昭和16年(1941年)、多摩川右岸農業水利改良事務所長であった平賀栄治の設計建設により水害防止のため平瀬川の開削と二ケ領用水の伏越、そして久地円筒分水が完成しました。

「其の279」で旧平瀬川河道跡を歩きました。案内パネルには「水害防止のため」と簡単に書いてありますが、地図を眺めると溝口の蛇行した旧二ケ領用水・旧平瀬川合流点付近が、昔は毎年のように水害で悩まされただろうと想像がつきます。この新平瀬川の開削でそれが一挙に解消したことになります。治水と利水を絡めた一石二鳥の大事業でした。凄いことをやったなあとあらためて感嘆します。

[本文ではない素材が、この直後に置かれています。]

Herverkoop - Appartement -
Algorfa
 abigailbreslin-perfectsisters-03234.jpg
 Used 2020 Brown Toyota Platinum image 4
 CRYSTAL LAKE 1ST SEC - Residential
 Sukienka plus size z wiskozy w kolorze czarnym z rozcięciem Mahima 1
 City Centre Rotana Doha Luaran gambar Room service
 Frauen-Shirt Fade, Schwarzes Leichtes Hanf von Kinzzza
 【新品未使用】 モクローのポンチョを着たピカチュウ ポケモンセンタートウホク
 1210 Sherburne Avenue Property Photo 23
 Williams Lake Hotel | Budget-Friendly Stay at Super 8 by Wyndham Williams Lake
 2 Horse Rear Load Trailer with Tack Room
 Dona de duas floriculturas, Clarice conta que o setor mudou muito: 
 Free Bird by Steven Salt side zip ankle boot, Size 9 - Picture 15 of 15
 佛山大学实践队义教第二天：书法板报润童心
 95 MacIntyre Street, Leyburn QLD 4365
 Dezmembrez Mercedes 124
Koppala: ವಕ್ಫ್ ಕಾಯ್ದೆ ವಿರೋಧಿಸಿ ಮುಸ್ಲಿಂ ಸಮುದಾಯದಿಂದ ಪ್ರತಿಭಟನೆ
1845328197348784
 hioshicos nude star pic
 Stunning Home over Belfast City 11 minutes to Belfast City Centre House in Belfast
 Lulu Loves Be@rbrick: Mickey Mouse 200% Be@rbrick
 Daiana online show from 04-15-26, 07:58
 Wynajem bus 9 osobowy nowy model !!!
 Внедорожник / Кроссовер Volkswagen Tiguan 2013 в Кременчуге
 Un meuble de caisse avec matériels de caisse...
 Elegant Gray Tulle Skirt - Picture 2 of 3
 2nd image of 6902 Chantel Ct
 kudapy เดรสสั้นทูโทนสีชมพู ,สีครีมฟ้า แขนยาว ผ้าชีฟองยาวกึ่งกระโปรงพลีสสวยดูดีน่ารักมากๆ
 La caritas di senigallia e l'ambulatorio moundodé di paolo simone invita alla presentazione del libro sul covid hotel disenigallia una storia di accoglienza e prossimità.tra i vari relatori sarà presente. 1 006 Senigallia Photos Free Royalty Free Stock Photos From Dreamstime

さて向かって左側、右岸に取水口が見えます。そのすぐ下流にゴム堰(ゴム引布製起伏堰)が見えます。ゴム堰は思わぬところで遭遇するのでいつもびっくりです。

平瀬川河口より多摩川下流を望む
合流点下流はこんな景色です。人道橋より多摩川下流を望む。

平瀬川河口のゴム堰(ゴム引布製起伏堰)
ゴム堰のアップです。平瀬川浄化施設を構成する施設の一つと思います。堰き止めた水を取り入れて浄化し多摩川へ放流するのでしょうが各施設の働きや仕組みなどは一見しただけでは分りません。
いつかゴム堰が起立した状態の時(平瀬川浄化施設が稼働時)に改めて見学したいですね。

平瀬川浄化施設銘板
付近で見つけた平瀬川浄化施設の銘板です。
1985年3月関東地方建設局 
管理者:京浜工事事務所  浄化施設一式 施工:(株)竹下組

建設省時代の1985年(昭和60年)3月完成です。

河川管理境界多摩川の標識
多摩沿線道路南、平瀬川左岸の河川管理境界多摩川の標識。
上流は神奈川県管理とありますが多摩川を平瀬川に置き換えると理解できます。平瀬川は神奈川県が管理する一級河川ですからね。

平瀬橋人道橋より平瀬河口を望む
平瀬橋人道橋より平瀬川河口を望む。前方の橋は多摩沿線道路東久地橋。平瀬橋人道橋からは右岸を上流へ歩きました。

平瀬川の水位目盛・高津区久地2
左岸の水位目盛りです。目盛りにあるように深い川です。
下から水防団待機水位(白色)3.5m以上、氾濫注意水位(黄色)4m以上、避難判断水位(赤色)5.5m以上。

平瀬川の雨水排水放流口
左岸のフラップゲート付き雨水排水の放流口。フラップゲート付きはこれ以外にも多数見かけました。平瀬川からの逆流防止のためと思いますが、しばしばここまで水位が上がるということでしょうかね。今日はお天気なのに水が流れています。湧水と思います。前回訪ねた諏訪排水樋管下流でもきれいな水が流れていました。

平瀬川へ放流の排水樋管
久地2丁目の橋のたもとの排水樋管。雨水下水管でしょうか。

平瀬川下流を望む・久地2丁目
久地2丁目の橋より平瀬川下流を望む。

新久地橋より平瀬川上流を望む
新久地橋まで上ってきました。新久地橋より平瀬川上流を望む。前方の丘の下が平瀬川隧道下口です。

新平瀬橋より平瀬川上流を望む
新平瀬橋より平瀬川上流を望む。魚道が見えます。左岸に二ケ領用水本川の放流水が合流しています。

二ケ領用水制水門・高津区久地
二ケ領用水本川の制水門。余水を放流中です。

平瀬川隧道下口・高津区久地
平瀬川隧道下口に到着しました。右側の隧道に「平瀬川隧道」の銘板が埋め込んであります。

二ケ領用水久地円筒分水
平瀬川右岸にある二ケ領用水久地円筒分水です。詳しくは「其の274 二ケ領用水久地円筒分水を訪ねる」で発表しました。

二ケ領用水久地円筒分水平面図・縦断図
「其の274」で掲載できなかった二ケ領用水久地円筒分水の平面図と断面図です。参考までに。 (現地案内パネルより)

平瀬川河口の位置です。「地理院地図」より。